Commonwealth Bank & Trust Co. v. Plotkin

355 N.E.2d 917, 371 Mass. 218, 20 U.C.C. Rep. Serv. (West) 692, 1976 Mass. LEXIS 1155
CourtMassachusetts Supreme Judicial Court
DecidedOctober 15, 1976
StatusPublished
Cited by19 cases

This text of 355 N.E.2d 917 (Commonwealth Bank & Trust Co. v. Plotkin) is published on Counsel Stack Legal Research, covering Massachusetts Supreme Judicial Court primary law. Counsel Stack provides free access to over 12 million legal documents including statutes, case law, regulations, and constitutions.

Bluebook
Commonwealth Bank & Trust Co. v. Plotkin, 355 N.E.2d 917, 371 Mass. 218, 20 U.C.C. Rep. Serv. (West) 692, 1976 Mass. LEXIS 1155 (Mass. 1976).

Opinion

Braucher, J.

The plaintiff bank sues Plotkin on a check for $6,038 payable to the order of “Arthur Plotkin” and bearing on its back the stamp “Creative Travel, Inc. for deposit only in 5-250,” above the handwritten signature “Arthur Plotkin.” The check was deposited in the account of Creative Travel, Inc. (the corporation), and was later *219 dishonored for insufficient funds.
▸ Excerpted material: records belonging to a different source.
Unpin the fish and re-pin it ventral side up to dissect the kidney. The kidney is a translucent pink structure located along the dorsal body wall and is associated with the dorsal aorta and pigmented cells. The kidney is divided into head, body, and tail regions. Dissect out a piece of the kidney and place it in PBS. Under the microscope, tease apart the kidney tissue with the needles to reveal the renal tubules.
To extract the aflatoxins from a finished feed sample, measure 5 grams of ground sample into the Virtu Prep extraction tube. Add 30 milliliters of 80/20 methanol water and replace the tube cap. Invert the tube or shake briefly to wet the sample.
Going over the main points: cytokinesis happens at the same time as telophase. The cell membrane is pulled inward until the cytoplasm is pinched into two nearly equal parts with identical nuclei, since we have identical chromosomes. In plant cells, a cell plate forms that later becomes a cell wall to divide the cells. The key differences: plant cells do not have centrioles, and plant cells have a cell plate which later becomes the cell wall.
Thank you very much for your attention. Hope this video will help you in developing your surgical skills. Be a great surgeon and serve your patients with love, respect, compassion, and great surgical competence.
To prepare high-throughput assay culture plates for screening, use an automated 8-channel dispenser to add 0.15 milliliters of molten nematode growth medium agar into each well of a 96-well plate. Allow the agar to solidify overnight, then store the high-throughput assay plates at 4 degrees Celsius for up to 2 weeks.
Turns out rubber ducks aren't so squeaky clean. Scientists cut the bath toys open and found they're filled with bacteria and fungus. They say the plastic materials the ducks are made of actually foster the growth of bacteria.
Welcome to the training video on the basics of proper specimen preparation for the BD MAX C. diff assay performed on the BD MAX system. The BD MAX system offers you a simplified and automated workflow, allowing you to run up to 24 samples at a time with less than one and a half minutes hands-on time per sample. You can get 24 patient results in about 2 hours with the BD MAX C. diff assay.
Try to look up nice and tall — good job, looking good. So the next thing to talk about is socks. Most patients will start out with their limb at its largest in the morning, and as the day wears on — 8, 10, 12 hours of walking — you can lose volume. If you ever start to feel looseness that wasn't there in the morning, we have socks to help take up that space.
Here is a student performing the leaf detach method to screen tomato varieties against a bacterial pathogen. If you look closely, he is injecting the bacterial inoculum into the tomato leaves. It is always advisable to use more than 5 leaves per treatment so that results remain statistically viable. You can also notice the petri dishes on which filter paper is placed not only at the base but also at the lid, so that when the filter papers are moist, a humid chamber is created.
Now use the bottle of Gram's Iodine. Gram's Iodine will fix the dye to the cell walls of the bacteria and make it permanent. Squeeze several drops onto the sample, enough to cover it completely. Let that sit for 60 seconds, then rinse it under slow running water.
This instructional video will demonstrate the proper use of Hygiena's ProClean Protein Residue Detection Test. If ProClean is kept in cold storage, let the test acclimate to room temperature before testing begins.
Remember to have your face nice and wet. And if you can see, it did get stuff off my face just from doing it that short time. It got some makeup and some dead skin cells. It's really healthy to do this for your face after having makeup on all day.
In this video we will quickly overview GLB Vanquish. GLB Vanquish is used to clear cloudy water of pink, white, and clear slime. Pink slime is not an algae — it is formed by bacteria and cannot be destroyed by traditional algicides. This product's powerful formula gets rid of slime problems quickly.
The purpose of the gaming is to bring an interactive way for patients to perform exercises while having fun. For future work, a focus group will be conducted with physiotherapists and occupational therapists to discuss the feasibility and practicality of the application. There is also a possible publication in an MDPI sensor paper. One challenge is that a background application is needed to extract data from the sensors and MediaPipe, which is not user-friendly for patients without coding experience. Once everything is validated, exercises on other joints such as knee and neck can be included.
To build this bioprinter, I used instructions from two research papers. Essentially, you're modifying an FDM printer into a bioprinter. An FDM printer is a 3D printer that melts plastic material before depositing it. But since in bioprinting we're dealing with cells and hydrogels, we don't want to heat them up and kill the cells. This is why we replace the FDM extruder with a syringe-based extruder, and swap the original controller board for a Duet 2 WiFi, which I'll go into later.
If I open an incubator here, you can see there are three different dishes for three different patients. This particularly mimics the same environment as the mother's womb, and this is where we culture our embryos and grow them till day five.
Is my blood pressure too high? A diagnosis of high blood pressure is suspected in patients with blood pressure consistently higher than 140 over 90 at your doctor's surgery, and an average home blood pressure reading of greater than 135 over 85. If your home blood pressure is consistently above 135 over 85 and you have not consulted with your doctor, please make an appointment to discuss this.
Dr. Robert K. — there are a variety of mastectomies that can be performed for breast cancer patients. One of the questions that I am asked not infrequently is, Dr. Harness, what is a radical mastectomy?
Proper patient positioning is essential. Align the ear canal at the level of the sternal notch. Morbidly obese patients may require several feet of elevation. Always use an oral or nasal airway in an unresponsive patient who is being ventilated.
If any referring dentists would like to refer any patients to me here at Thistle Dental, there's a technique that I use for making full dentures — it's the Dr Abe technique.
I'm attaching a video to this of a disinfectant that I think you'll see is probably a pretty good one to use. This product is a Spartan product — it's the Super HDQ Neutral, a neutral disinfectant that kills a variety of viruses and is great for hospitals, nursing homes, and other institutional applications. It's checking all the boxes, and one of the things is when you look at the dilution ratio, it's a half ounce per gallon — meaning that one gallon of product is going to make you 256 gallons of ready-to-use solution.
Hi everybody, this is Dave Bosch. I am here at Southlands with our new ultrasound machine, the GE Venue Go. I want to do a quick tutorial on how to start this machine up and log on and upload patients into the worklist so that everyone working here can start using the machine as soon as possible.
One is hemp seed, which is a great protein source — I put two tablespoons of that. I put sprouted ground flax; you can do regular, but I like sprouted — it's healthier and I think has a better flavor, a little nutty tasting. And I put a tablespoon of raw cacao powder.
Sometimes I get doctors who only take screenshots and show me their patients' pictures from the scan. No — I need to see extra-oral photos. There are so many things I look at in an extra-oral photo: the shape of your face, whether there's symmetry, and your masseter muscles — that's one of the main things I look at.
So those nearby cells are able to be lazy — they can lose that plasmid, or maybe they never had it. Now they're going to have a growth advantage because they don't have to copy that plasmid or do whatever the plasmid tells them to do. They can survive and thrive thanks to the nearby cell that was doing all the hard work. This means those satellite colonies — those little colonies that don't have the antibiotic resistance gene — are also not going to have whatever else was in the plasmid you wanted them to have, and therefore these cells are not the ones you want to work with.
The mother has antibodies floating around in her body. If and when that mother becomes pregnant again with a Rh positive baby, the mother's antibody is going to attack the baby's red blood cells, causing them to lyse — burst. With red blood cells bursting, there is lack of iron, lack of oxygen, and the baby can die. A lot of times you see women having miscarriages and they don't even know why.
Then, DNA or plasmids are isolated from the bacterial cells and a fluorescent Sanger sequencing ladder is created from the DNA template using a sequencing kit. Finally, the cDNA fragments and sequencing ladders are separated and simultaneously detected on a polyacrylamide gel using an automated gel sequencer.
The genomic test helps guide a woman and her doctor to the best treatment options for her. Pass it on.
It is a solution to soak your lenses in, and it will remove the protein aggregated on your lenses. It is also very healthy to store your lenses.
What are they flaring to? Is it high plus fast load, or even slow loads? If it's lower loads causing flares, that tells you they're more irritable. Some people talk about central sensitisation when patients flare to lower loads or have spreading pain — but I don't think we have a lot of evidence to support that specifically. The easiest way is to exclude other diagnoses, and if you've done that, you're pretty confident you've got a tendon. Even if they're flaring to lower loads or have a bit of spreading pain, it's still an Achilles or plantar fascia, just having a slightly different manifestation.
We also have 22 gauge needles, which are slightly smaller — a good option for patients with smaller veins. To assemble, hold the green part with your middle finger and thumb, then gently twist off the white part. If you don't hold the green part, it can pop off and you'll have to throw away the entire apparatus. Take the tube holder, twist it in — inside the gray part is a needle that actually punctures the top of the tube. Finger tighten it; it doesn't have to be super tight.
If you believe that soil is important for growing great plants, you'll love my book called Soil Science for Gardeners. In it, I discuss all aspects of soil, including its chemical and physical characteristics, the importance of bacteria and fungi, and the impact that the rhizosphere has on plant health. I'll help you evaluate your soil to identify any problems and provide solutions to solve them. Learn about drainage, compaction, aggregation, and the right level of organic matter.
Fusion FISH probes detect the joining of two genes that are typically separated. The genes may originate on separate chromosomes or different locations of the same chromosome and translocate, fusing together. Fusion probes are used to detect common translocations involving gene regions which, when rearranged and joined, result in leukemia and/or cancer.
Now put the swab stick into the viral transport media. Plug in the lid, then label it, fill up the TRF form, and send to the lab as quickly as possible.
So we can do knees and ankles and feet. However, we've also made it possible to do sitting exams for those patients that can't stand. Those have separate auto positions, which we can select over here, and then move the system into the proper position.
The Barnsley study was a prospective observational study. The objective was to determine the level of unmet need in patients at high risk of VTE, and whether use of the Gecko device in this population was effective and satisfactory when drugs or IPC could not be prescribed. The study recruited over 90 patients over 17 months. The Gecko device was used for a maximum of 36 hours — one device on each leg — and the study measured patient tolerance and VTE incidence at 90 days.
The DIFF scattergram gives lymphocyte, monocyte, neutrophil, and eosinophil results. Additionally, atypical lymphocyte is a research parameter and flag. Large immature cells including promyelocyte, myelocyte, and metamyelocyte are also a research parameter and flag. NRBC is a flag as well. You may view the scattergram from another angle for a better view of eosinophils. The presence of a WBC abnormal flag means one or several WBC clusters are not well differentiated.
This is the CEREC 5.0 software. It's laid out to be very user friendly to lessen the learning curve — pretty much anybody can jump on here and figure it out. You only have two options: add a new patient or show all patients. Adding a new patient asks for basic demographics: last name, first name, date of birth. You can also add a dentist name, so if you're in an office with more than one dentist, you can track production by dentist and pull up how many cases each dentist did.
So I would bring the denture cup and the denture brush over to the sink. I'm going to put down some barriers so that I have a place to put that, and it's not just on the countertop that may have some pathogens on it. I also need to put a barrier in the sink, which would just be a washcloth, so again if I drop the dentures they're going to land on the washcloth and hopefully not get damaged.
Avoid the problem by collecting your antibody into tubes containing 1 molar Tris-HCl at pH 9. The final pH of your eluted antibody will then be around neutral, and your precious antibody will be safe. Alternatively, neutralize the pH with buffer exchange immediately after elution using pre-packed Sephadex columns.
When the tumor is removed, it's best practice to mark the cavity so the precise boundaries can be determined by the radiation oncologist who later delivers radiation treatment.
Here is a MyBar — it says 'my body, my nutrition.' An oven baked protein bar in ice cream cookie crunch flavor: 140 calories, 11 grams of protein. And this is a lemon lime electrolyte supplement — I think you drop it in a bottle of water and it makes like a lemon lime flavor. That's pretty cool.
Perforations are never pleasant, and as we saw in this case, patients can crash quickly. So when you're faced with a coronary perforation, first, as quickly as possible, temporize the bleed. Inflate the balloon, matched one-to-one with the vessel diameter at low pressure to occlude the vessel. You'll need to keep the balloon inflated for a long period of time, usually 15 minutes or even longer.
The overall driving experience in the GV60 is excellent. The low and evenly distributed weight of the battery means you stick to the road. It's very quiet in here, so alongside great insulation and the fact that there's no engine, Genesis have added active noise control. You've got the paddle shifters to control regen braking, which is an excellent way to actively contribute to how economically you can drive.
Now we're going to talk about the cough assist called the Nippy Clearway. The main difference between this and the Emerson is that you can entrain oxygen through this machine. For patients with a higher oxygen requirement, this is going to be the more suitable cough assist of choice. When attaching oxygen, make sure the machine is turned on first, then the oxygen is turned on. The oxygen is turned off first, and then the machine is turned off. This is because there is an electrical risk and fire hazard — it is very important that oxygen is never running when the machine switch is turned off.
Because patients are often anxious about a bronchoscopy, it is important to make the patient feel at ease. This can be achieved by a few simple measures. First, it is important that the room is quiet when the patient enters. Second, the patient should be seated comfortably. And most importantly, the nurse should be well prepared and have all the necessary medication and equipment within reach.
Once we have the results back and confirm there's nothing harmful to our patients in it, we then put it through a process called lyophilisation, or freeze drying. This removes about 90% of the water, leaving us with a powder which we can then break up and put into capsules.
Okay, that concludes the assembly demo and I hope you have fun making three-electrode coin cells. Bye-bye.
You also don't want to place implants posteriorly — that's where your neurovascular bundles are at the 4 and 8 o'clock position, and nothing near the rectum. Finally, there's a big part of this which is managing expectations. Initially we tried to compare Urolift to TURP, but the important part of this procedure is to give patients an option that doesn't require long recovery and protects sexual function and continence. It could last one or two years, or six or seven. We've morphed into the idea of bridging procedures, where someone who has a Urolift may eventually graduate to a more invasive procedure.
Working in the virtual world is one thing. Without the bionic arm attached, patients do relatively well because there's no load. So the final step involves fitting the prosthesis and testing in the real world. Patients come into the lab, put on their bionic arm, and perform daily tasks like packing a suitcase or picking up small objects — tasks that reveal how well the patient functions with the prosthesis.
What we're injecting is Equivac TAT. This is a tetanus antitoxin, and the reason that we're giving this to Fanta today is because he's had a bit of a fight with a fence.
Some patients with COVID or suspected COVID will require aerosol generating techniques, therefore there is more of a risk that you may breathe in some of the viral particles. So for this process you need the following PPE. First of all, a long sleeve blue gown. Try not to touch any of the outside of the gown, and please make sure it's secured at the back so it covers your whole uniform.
We hold that Plotkin is prima facie liable as indorser under Uniform Commercial Code (G. L. c. 106) § 3-403 (2) (b), and that he has made an insufficient showing to prevent summary judgment against him under Mass. R. Civ. P. 56, 365 Mass. 824 (1974).

The action was brought in the Municipal Court of the City of Boston and was removed to the Superior Court. Then it was transferred to the Municipal Court of the City of Boston under G. L. c. 231, § 102C, for trial. The corporation was added as a defendant and defaulted, and after hearing there was a finding against Plotkin in the amount of the check. On retransfer to the Superior Court summary judgment was entered for the bank against Plotkin, and Plotkin appealed to the Appeals Court. We transferred the case here on our own motion.

The following facts appear without dispute from the parties’ affidavits and the exhibits. Plotkin was president and treasurer of the corporation, which had provided services to a business in which Sumner Boches and Frank J. Griesing had interests. In payment for those services Boches issued his personal check dated March 24, 1973, for $6,038 payable to the order of the corporation. That check was deposited in the corporation’s account, but was returned for insufficient funds on April 2, 1973. Later Griesing issued the check sued on, dated April 13, 1973, in the same amount payable to the order of Arthur Plotkin. Plotkin deposited it in the same corporate account on April 17, 1973, but it was returned for insufficient funds on April 26, 1973. At Plotkin’s request it was redeposited on April 30, but it was again dishonored and charged back to the corporation’s account. The resulting overdraft exceeded the amount of the check.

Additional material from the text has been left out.